From Digital Book World:
Oyster, the highly anticipated, venture-backed ebook subscription platform for iPhones launched today. The app is available for iPhone devices and will soon be available on other platforms, including the iPad this fall and, later, Android.
The company is launching with 100,000 ebook titles available from publishers such as HarperCollins, Workman, Houghton Mifflin Harcourt and self-publishing distributor Smashwords. The service will cost $9.95 a month to read an unlimited number of books on up to six devices. The number of titles offered through Oyster will be “increasing over time,” CEO Eric Stromberg told Digital Book World.
. . . .
The company declined to share its business model, however — just how authors, publishers and other stakeholders are compensated for making their titles available. The company leadership only told Digital Book World that the model was a “win-win-win,” for rights-holders, readers and the company and its investors.

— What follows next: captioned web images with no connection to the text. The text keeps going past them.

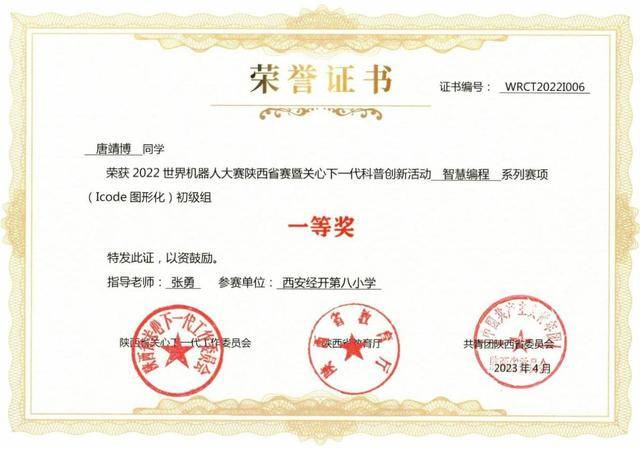 西安经开第八小学20名学生荣获世界机器人大赛陕西城市赛奖项(图2)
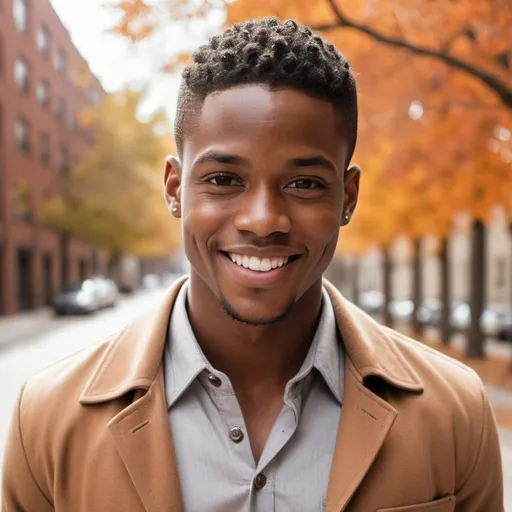 Prompt: 25year old handsome black man. Charming Smile. Silver button down shirt. Brown coat. Romance novel 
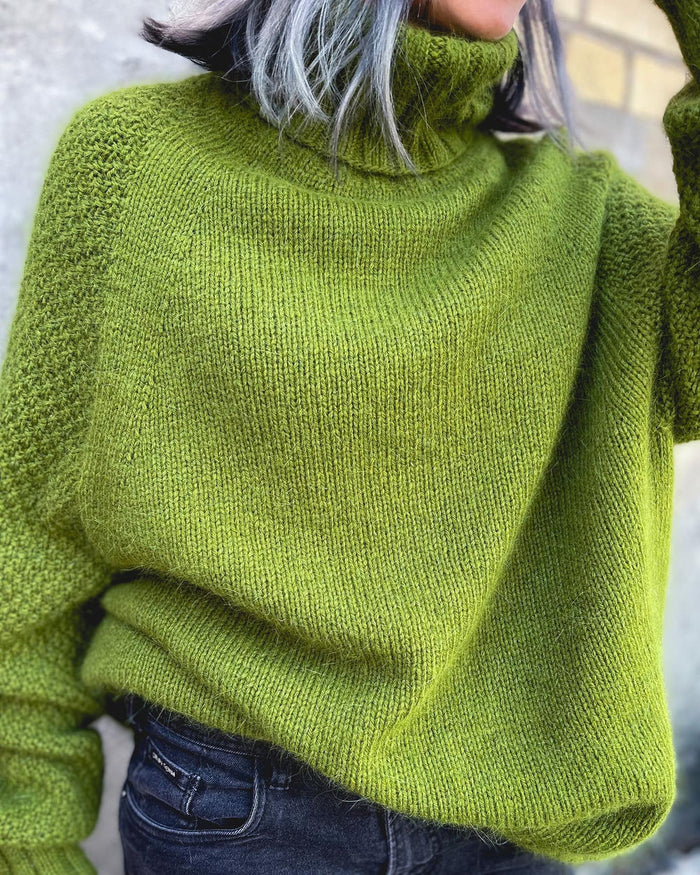 Dam Oversized Polotröja med Ribbad Polokrage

“It was a very hard problem that involved understanding the needs of authors, publishers and consumers,” said Stromberg, citing that he believes Oyster has it solved due to months of strategizing and in-house know-how from employees like Matt Shatz, who had been a vice president of digital at Random House.
. . . .
One enticing proposition for publishers around this new distribution model is the possibility of exposing readers to new authors and new books they may not discover anywhere else. Oyster, for instance, will use a combination of editorial, social and algorithmic recommendations to suggest new titles to readers.
Link to the rest at Digital Book World
PG generally likes new technology and business models, but declining to disclose how authors will be compensated makes him very uncomfortable. Generally new tech startups are anxious to explain how everybody wins under their business models.